Prompted by the earlier BuzzFeed News reporting about Purple Shovel’s role in the Syria operation, Sen. Claire MacCaskill in October requested information on the Pentagon’s Syria contracts.
Employees at Purple Shovel hung up the phone several times when contacted by BuzzFeed News for this story, and the company’s CEO and founder, Benjamin Worrell, did not respond to repeated phone calls and emails. A lawyer for the company previously wrote that many of BuzzFeed News’ initial findings were incorrect.

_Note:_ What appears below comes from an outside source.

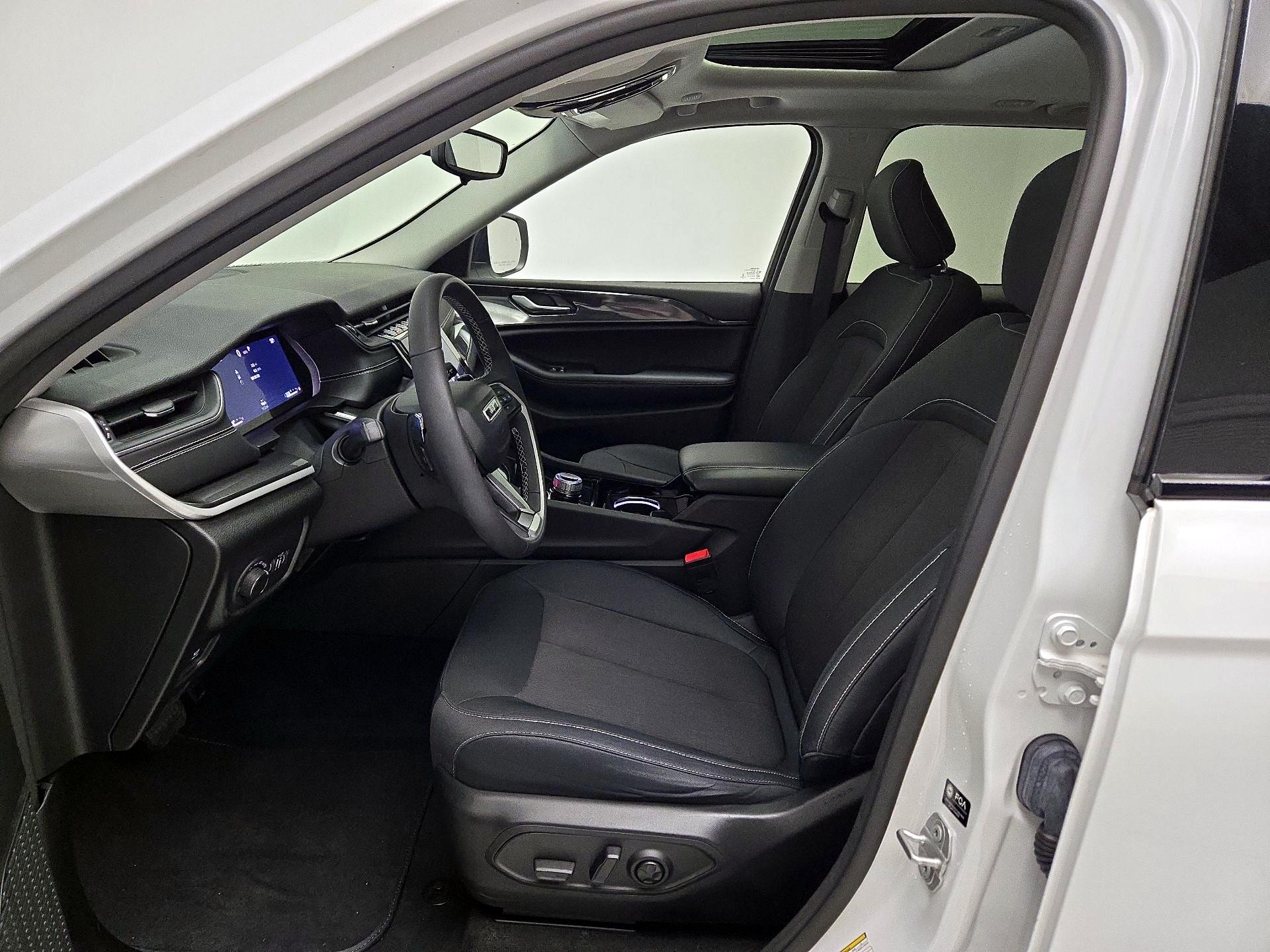 Thumbnail: 2023 Jeep Grand Cherokee - 11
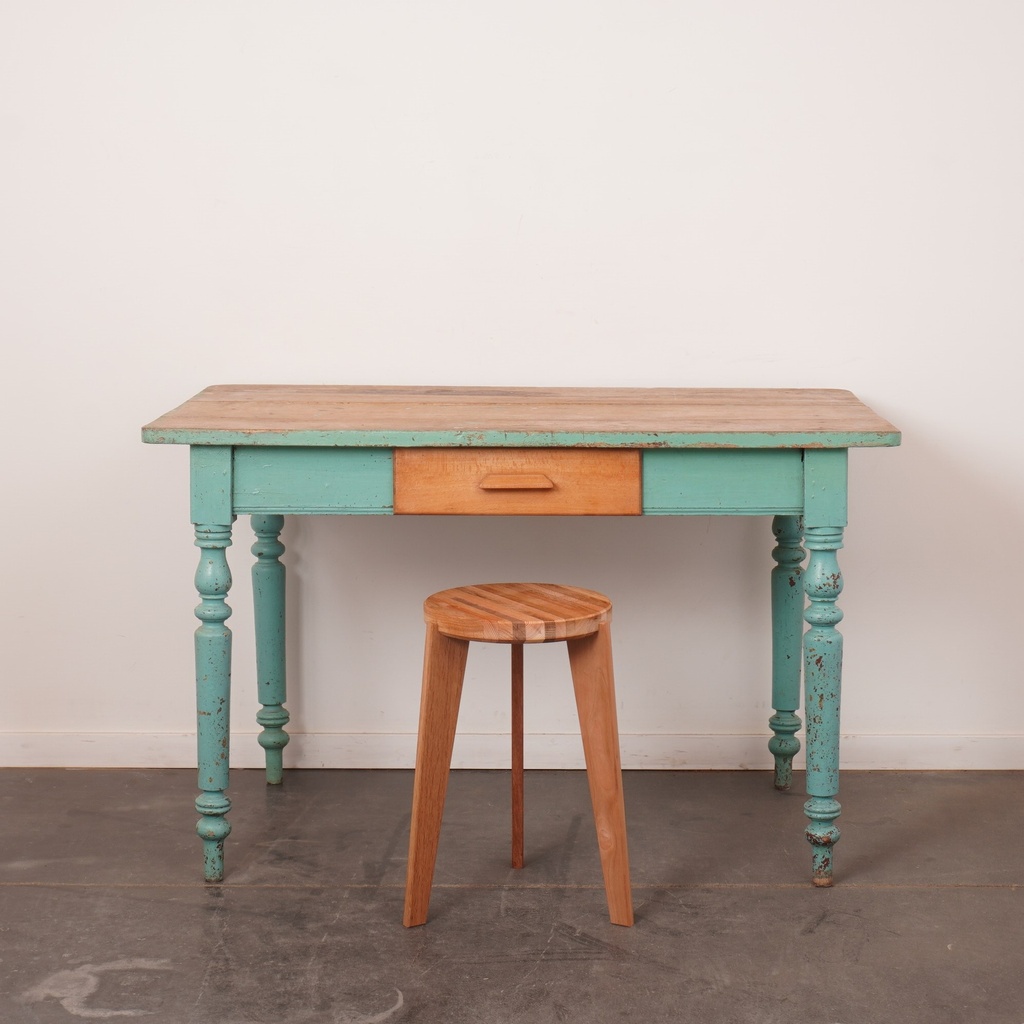 Table en bois peint vintage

She declined to provide details because she said the firm is barred by federal law from discussing its Defense Department contracts, and she has not followed up.
Though it’s unclear if Purple Shovel will win the latest contract for the battalion-sized lot of Warsaw Pact arms, the new agreement with SOCOM, granting it special status to bid for contracts, could launch the firm into the major leagues.


 
Fighters from the Free Syrian Army buy bullets from a weapons seller in Idlib province on July 4, 2012. Daniel Leal-Olivas / AFP / Getty Images
Administration officials have worried since the beginning of the Syrian civil war that guns and ammunition provided to rebels could fall into the wrong hands.
Indeed, previous U.S. arms shipments to Syrian rebels have reportedly been diverted to al-Qaeda.
Though the Syrian Kurds have proven to be effective allies against ISIS, they are also reportedly involved in battles against other anti-Assad rebels, andare associated with the PKK, a Kurdish group that the U.S. has designated a terrorist organization, and that is fighting Turkey.
Pieter Wezeman, who monitors arms transfers for the Stockholm International Peace Research Institute, says it is impossible to get rid of all the risks when transferring arms to “non-state” groups.
The Pentagon said, in a statement to BuzzFeed News, that it has procedures to monitor arms shipments and make sure they “remain in the control” of the rebels who get them.
Another potentially troubling part of this procurement is that some of the weapons in this tender are extremely powerful, such as the 120-millimeter heavy mortars, with 27,000 shells. Those can be fired at targets miles away, well out of sight, and cause tremendous damage to towns and villages. One former Special Forces officer, speaking on condition of anonymity, said such mortars “are very indiscriminate weapons” that could cause civilian casualties.